Schüsse auf Demonstranten/Syrien
© AFP/Syrisches FernsehenBlutige Gewalt in Syrien: Tödliche Schüsse auf Demonstranten.
Erst schossen die syrischen Sicherheitskräfte mit Tränengas, dann mit scharfer Munition: Bei einer Demonstration von Oppositionsanhängern in der Stadt Daraa sind Augenzeugen zufolge mindestens 13 Menschen ums Leben gekommen. Die Protestwelle gegen Präsident Assad wird stärker.

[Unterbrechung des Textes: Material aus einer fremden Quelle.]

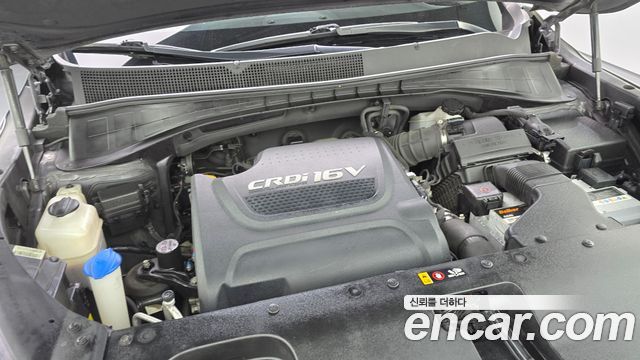Kia Sorento 2016 — photo 6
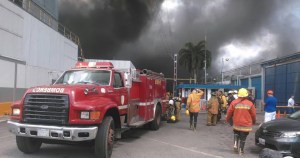 Plumrose anunció cierre técnico de planta en Cagua por incendio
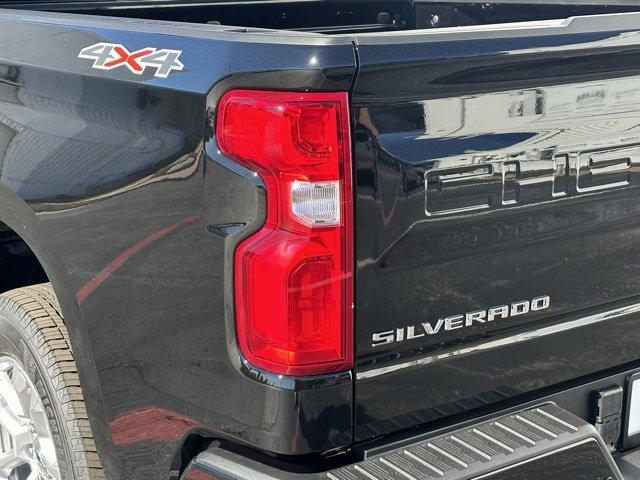 2025 Chevrolet Silverado 1500 Vehicle Photo in DALLAS, TX 75244-5909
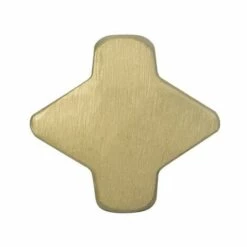 RIBIMEX Coin éclateur En Acier Forgé 1.5 Kg -Outil de découpe Soldes 66569 3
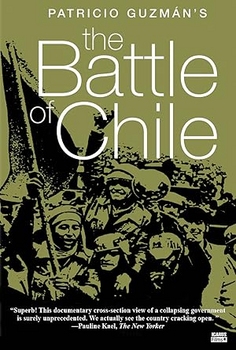 The Battle of Chile: Part 2
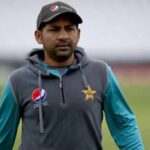 रिटायर हुए सरफराज अहमद, बाबर आजम पर कही खास बात; भारत के खिलाफ उस ऐतिहासिक जीत की यादें ताजा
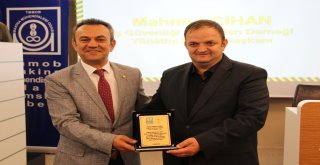 Acil Durumlarda Yapılması Gerekenler Anlatıldı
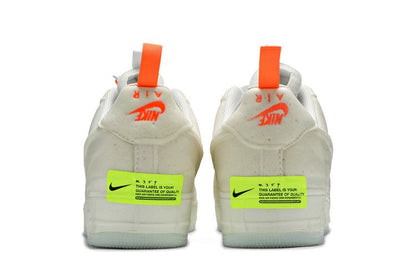 Nike Air Force 1 Low Experimental Sail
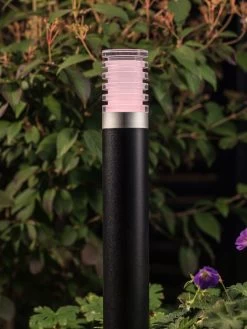 Smarte Gartenleuchte 'Arco 40 Plus' Von Garden-Lights (Art.3196011) -Gartengrün -Pflanze Arco 40 Plus 4 1280x1280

Damaskus - Das Regime von Syriens Präsident Baschar al-Assad reagiert weiter mit Gewalt: Bei Protesten von Oppositionsanhängern in der südsyrischen Stadt Daraa sind am Freitag Augenzeugen zufolge mindestens 13 Menschen ums Leben gekommen. Sicherheitskräfte feuerten demnach zunächst mit Tränengas auf die Demonstranten, später schossen sie mit scharfer Munition in die Menge.

Die Demonstranten setzten ein Büro der regierenden Baath-Partei in Brand.

Die staatliche Nachrichtenagentur Sana berichtete dagegen, Randalierer hätten das Feuer bei der Massenkundgebung eröffnet, ein Polizist und ein Fahrer eines Rettungswagens seien dabei getötet worden.

Daraa gilt als Zentrum der seit Wochen andauernden Proteste gegen das Regime von Assad, dessen Familie das Land seit knapp 40 Jahren regiert.

In Deir al-Sor nahe der irakischen Grenze droschen Schlägertrupps auf Demonstranten ein. In der Stadt Latakia gingen nach dem Freitagsgebet ebenfalls Hunderte Regimegegner auf die Straßen. Sie riefen: "Welch eine Schande, Schüsse auf friedliche Demonstranten." Weitere Demonstrationen wurden aus Kamischli, aus der Provinz Idlib, aus Homs gemeldet. Anwohner berichteten zudem von einer Kundgebung in dem Dorf Zakija südwestlich von Damaskus, wo zwei Menschen erschossen wurden.

Aus dem Umland von Damaskus, aus den Provinzen Homs und Latakia, aus Idlib und aus Benias wurden ebenfalls Protestaktionen gemeldet. In Benias riefen einige Demonstranten: "Der islamische Religionsgelehrte und der Priester gehen Hand in Hand." Auch Kurden in den Provinzen Kamischli und Hassaka gingen auf die Straße.

Assad hatte in den vergangenen Tagen einige Reformen verkündet, um die Protestbewegung zu stoppen, die im März begonnen hatte. Erst hob er die Arbeitsbeschränkungen für Frauen mit Gesichtsschleier auf. Dann befahl er, mehr als 100.000 Kurden aus der Provinz Hassaka, denen 1962 die Staatsbürgerschaft aberkannt worden war, zusammen mit ihren Angehörigen wieder zu Syrern zu machen. In Kamischli riefen einige Demonstranten: "Die Staatsangehörigkeit ist kein Ersatz für die Freiheit."

Assad gehört zur religiösen Minderheit der Alawiten. Er hatte die Proteste der Regimegegner, die sich von den Revolutionen in Tunesien und Ägypten hatten inspirieren lassen, als Versuch radikaler Sunniten dargestellt, Zwietracht zwischen den Religionsgruppen zu säen.

Tatsächlich sympathisiert ein Teil der Demonstranten mit den Muslimbrüdern und gelegentlich werden bei den Kundgebungen auch religiöse Parolen gerufen. Doch sind an den Protesten auch Angehörige anderer Religionsgruppen beteiligt. Seit Beginn der Proteste wurden in Syrien nach Schätzungen von Menschenrechtsgruppen mehr als 110 Menschen getötet. Dutzende Demonstranten und einige bekannte Oppositionelle wurden festgenommen.